Немецкое издание широко обсуждалось и за пределами Германии – в газетах в Англии, Восточной Европе и России, даже в Новой Зеландии, Китае и Латинской Америке. Британская бульварная газета «Дейли Мейл» поместила статью под громким заглавием, которое опять сильно деконтекстировало оригинальный документ. Беседа, на которую ссылалась газета, была с майором Анатолием Гавриловичем Солдатовым, заместителем начальника политотдела 38-й мотострелковой бригады. В беседе он говорил о том, что́ он видел в подвале Сталинградского универмага, где был пленен Паулюс: «…неимоверная грязь была, пройти нельзя было как по черному ходу, так и по парадному, по грудь грязь была – и человеческий кал, и что хотите. Вонь неимоверная». Из этого высказывания «Дейли Мейл» построил заглавие: «По грудь был человеческий кал»[406]. Это был, конечно, удар против немцев (времен нацистской Германии), к которым британцы испытывают «сердечную вражду». Но эпизод, в сочетании с заглавием, выбранным для «Шпигель-Онлайн», показывает работу механизма теории восприятия. Это установленный термин в литературоведении, который означает, что смысл и, в какой-то степени, правда документа выстраиваются его читателем, и что каждый читатель по-другому толкует один и тот же текст. Поэтому можно с любопытством ждать реакций СМИ и читателей в США и в России, где книга вышла на днях.
На вопрос о мотивации советских солдат в Сталинградской битве, конечно, сталинградские записи Комиссии Минца не могут дать полный ответ. Своеобразным «черным ящиком» остается вопрос о применении экстренной силы внутри Красной Армии. Поэтому для будущего важная задача заключается в том, чтобы обеспечить исследователям доступ к архивам, которые могут пролить больше света на эту проблему. В частности, архивы Военной Прокуратуры должны дать поучительную информацию. По поводу обращения к дезертирам или, пользуясь языком того времени, к «паникерам и трусам», остается неясным, учитывались ли в статистике НКВД расстрелы солдат-нарушителей, осуществлявшиеся командирами на поле боя. Правом на применение подобных мер обладали, в том числе, военные суды, СМЕРШ и особые совещания, поэтому точные данные о количестве расстрелов в целом до сих пор недоступны.

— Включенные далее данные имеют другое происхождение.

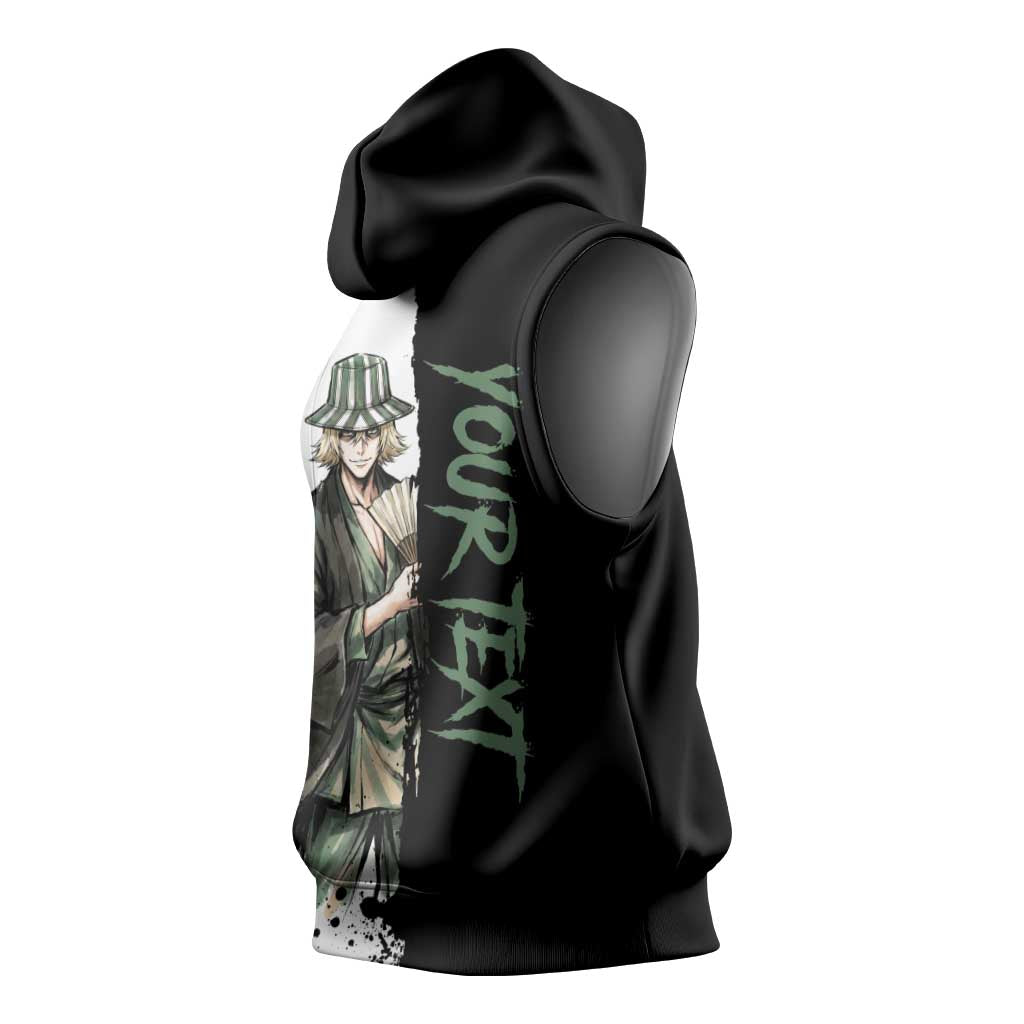 Personalized Kisuke Urahara Sleeveless Hoodie Ink Splash Anime Brush Style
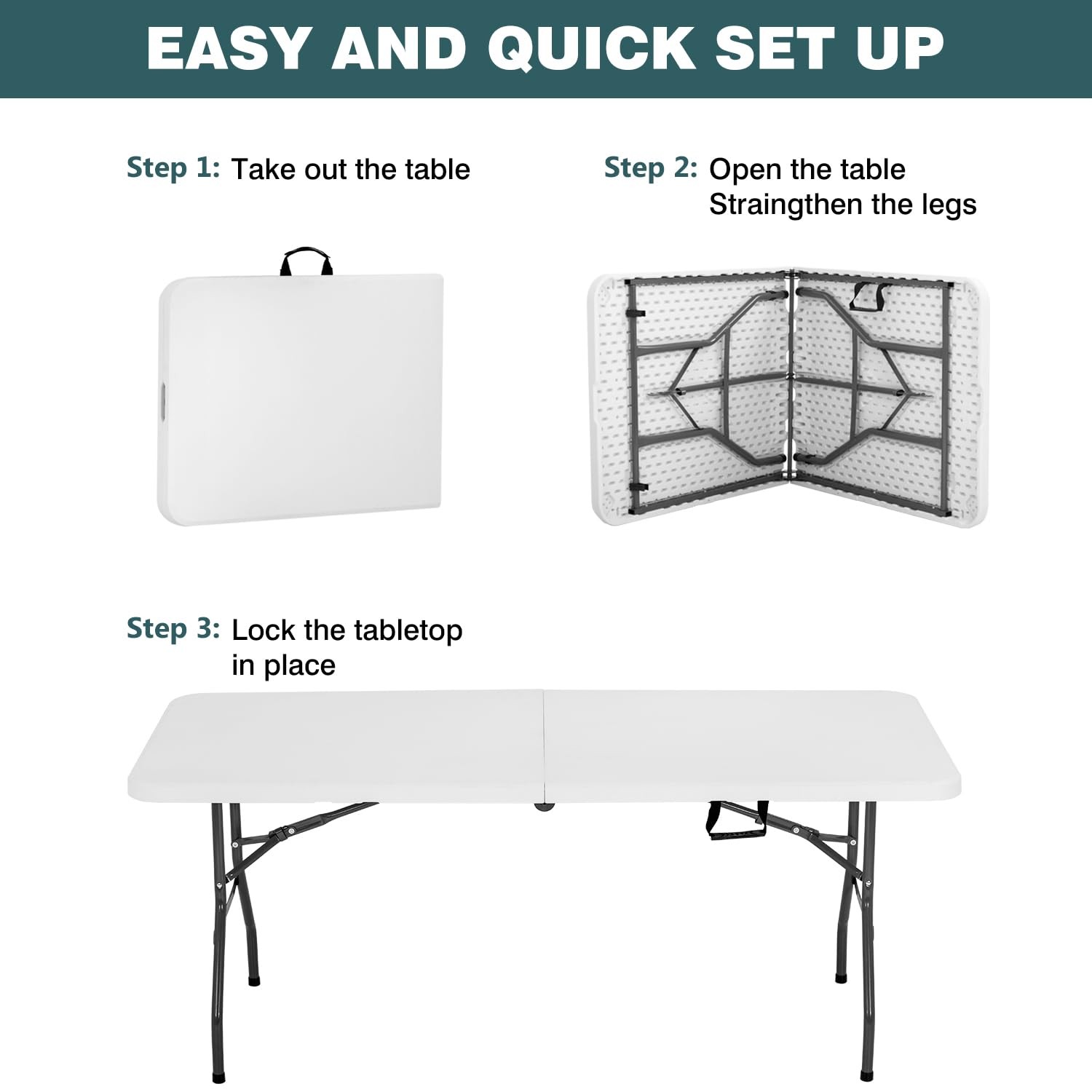 Best 6 Foot Outdoor Dining Table, Foldable Portable Rectangular Plastic Folding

Пользуясь публикацией Сталинградских записей, нужно общими усилиями исследователей разных стран восстановить и широко представить горизонты военного времени и представить советскую военную культуру в глобальном контексте. Плодотворной кажется и идея сравнения и диалога между воюющими сторонами: как немецкие и советские наблюдатели видели или читали друг друга, какие ресурсы они создали для знания о другом, и насколько эти образы о другом были проекциями собственных культурных ценностей. Ясно, что эти и другие вопросы требуют совместных усилий партнеров в разных странах. Такое совместное сотрудничество обещает быть не только продуктивным в научном смысле; в свете ухудшения политического климата между Западом и Россией и особенно на фоне страшной прошлой войны, нужно его также воспринимать как общий моральный долг.